Start of Provided information
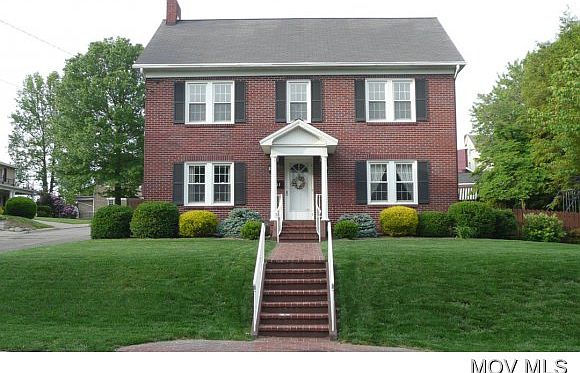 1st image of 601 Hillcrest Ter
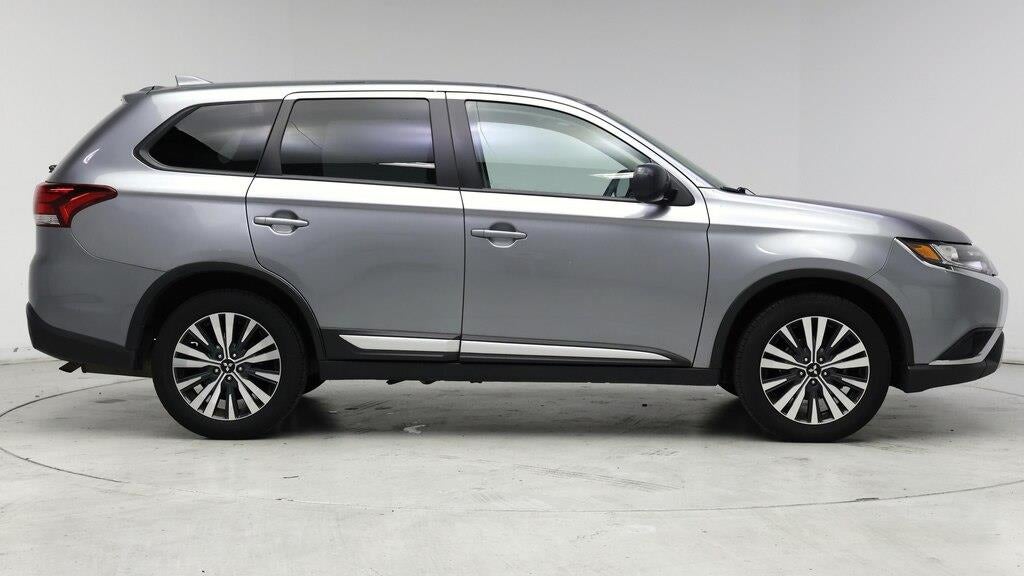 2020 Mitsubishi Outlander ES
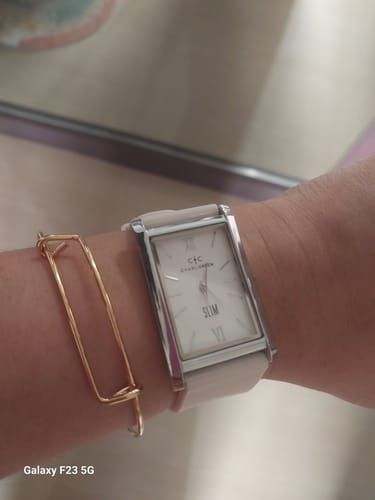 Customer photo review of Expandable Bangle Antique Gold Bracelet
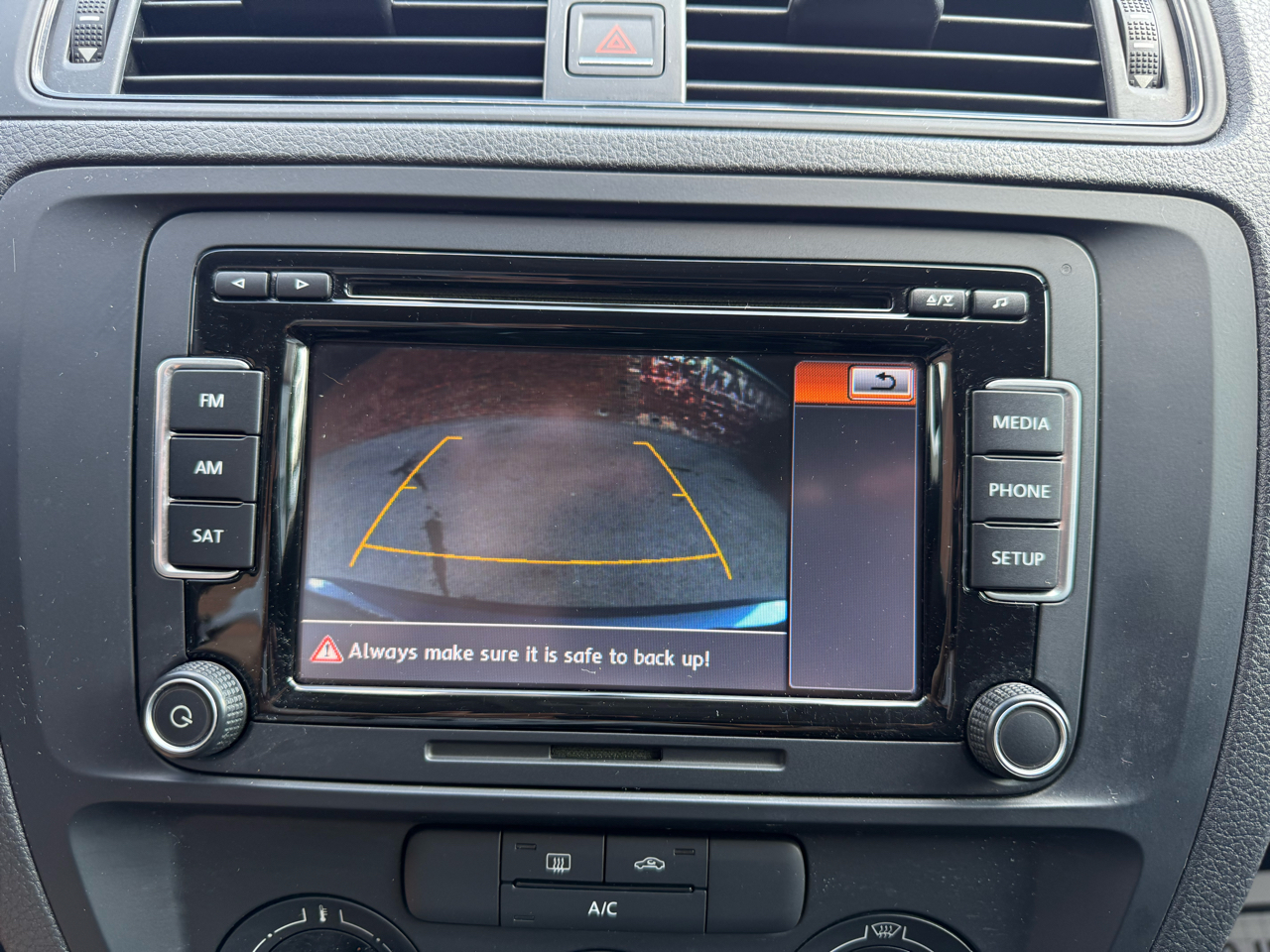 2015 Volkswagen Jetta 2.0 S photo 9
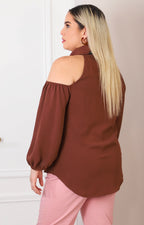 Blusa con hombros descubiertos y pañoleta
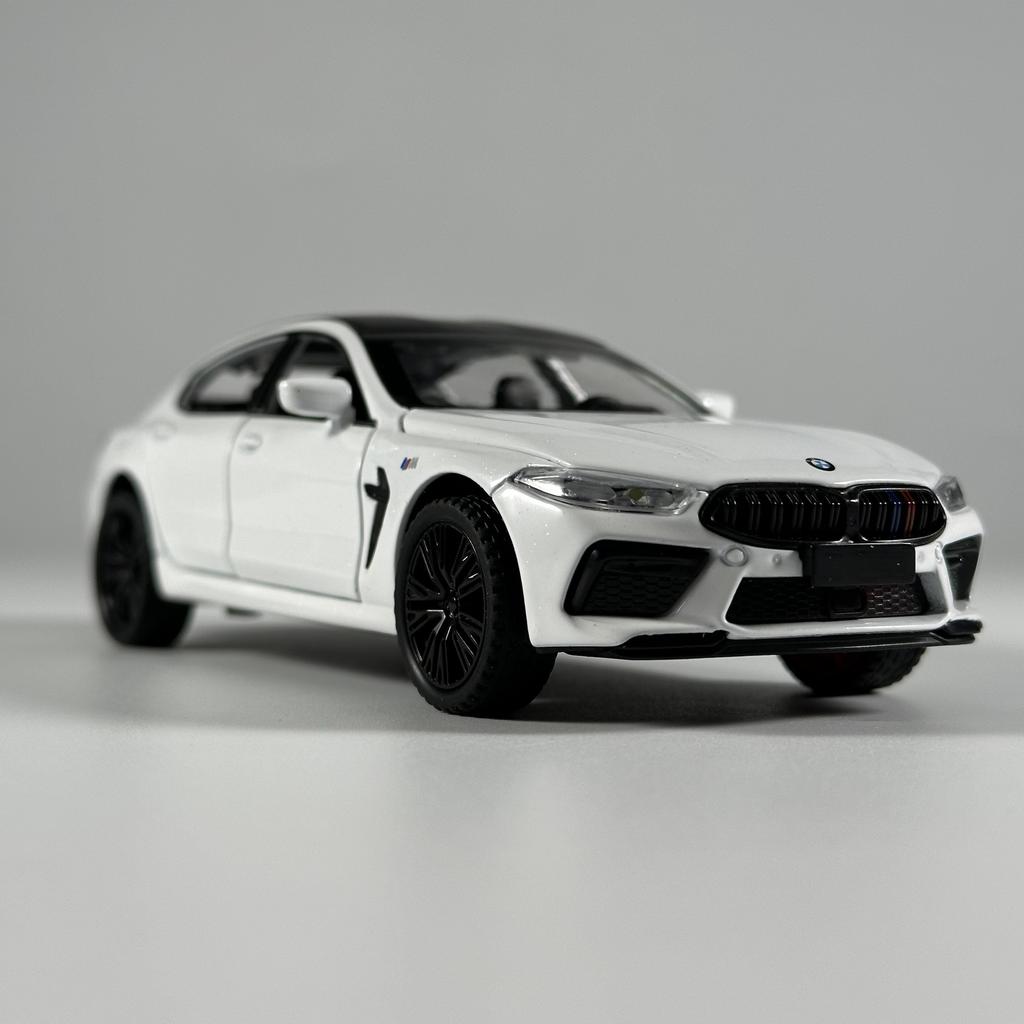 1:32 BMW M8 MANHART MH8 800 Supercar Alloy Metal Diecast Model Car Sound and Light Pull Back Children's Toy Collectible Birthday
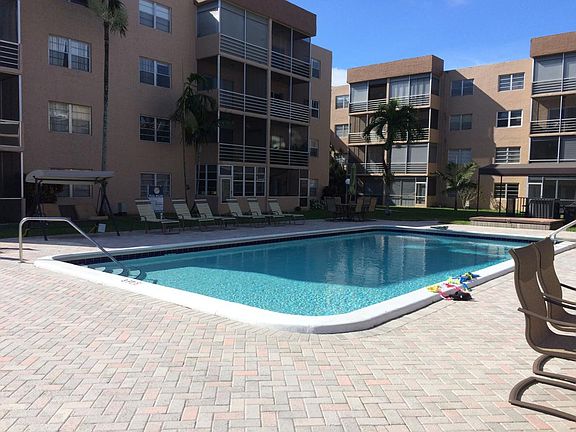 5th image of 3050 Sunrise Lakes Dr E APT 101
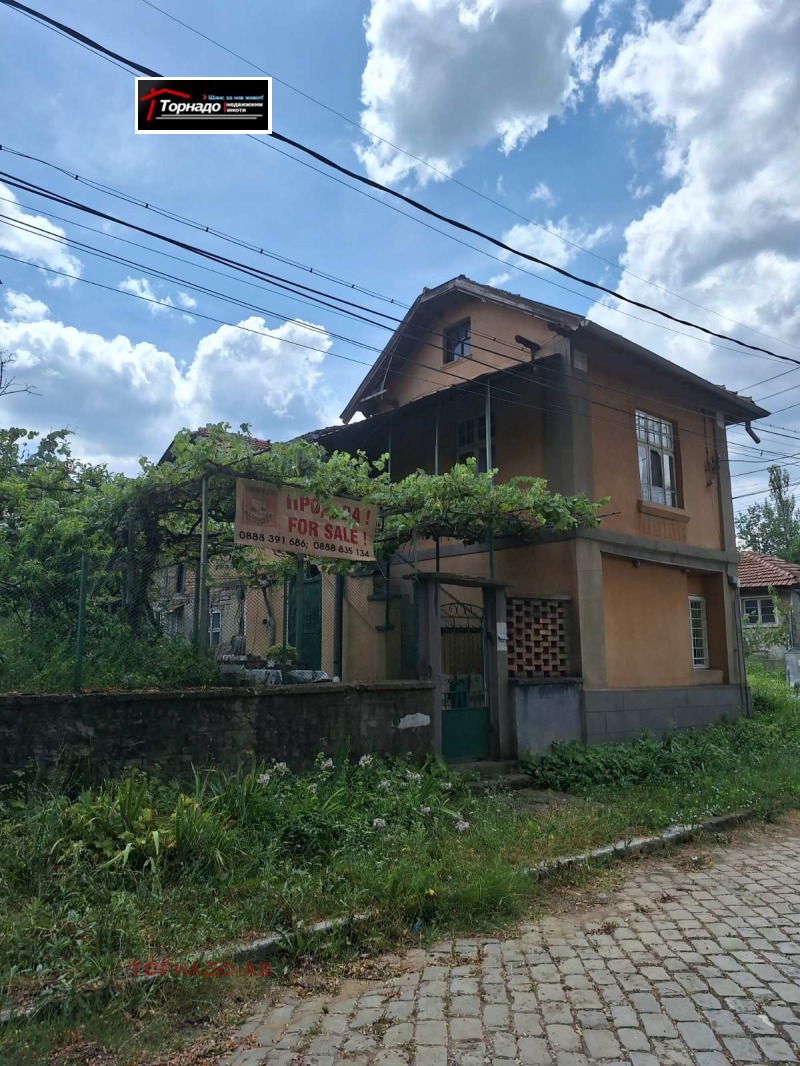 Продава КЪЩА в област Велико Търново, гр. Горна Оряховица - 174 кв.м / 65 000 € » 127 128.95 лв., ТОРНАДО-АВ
End of Provided information
**Your task**
Using the data above, print every line exactly, omitting pictures.

**Exercise result**
 1st image of 601 Hillcrest Ter
 2020 Mitsubishi Outlander ES
 Customer photo review of Expandable Bangle Antique Gold Bracelet
 2015 Volkswagen Jetta 2.0 S photo 9
 Blusa con hombros descubiertos y pañoleta
 1:32 BMW M8 MANHART MH8 800 Supercar Alloy Metal Diecast Model Car Sound and Light Pull Back Children's Toy Collectible Birthday
 5th image of 3050 Sunrise Lakes Dr E APT 101
 Продава КЪЩА в област Велико Търново, гр. Горна Оряховица - 174 кв.м / 65 000 € » 127 128.95 лв., ТОРНАДО-АВ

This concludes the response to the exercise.